▶ [Problem to work on]: Copy exactly the stretch of data below from the line with "koc-panxhome-poliester-230-cm-x-200-cm-bialy" through the line with "Single Family 170th", including both of those lines.

▶ [Data section]:
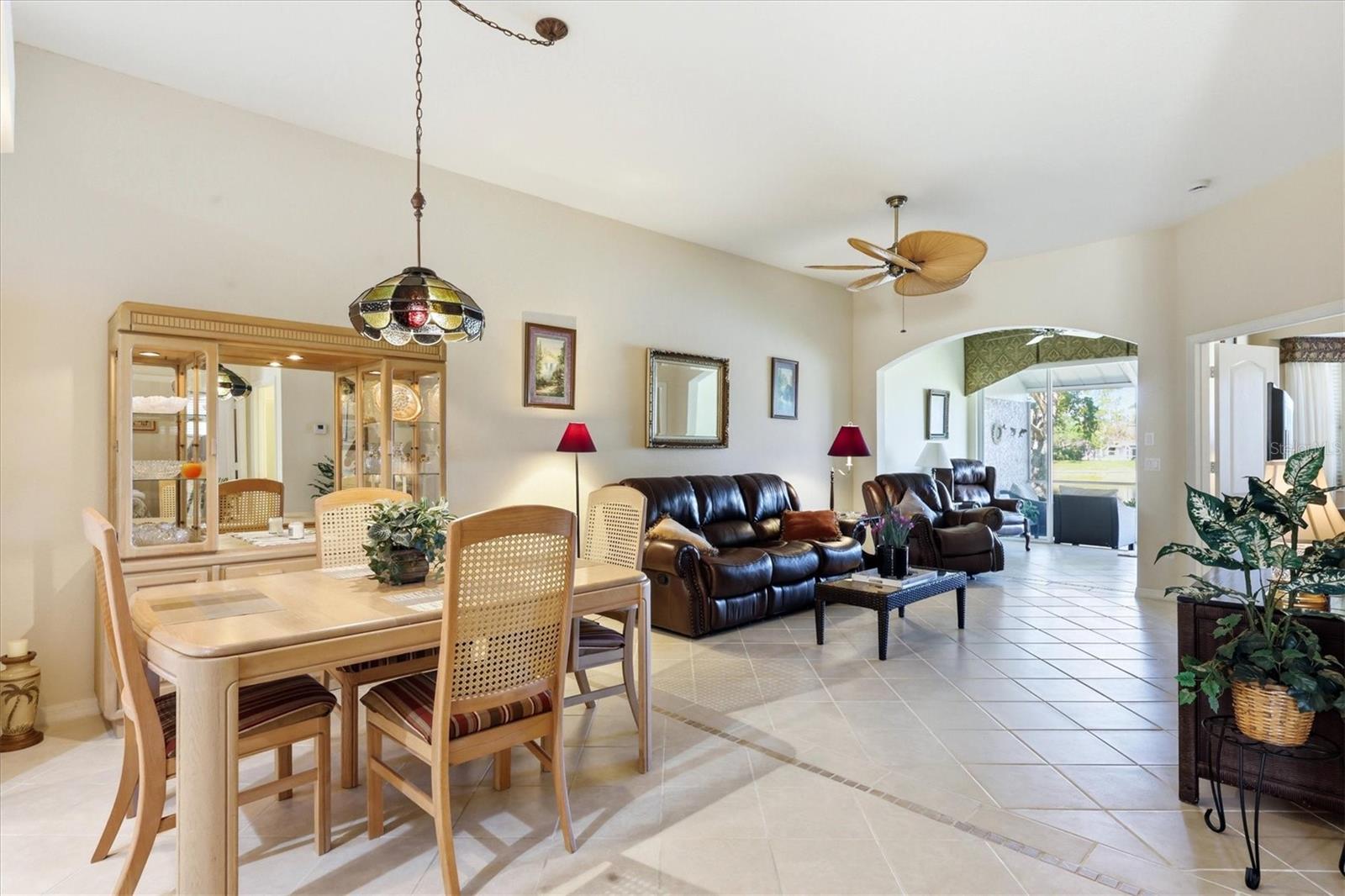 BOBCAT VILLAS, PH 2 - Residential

...

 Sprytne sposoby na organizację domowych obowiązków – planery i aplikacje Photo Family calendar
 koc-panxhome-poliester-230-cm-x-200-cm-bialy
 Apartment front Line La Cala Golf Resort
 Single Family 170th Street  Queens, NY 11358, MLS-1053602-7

▶ [Answer]:
 koc-panxhome-poliester-230-cm-x-200-cm-bialy
 Apartment front Line La Cala Golf Resort
 Single Family 170th Street  Queens, NY 11358, MLS-1053602-7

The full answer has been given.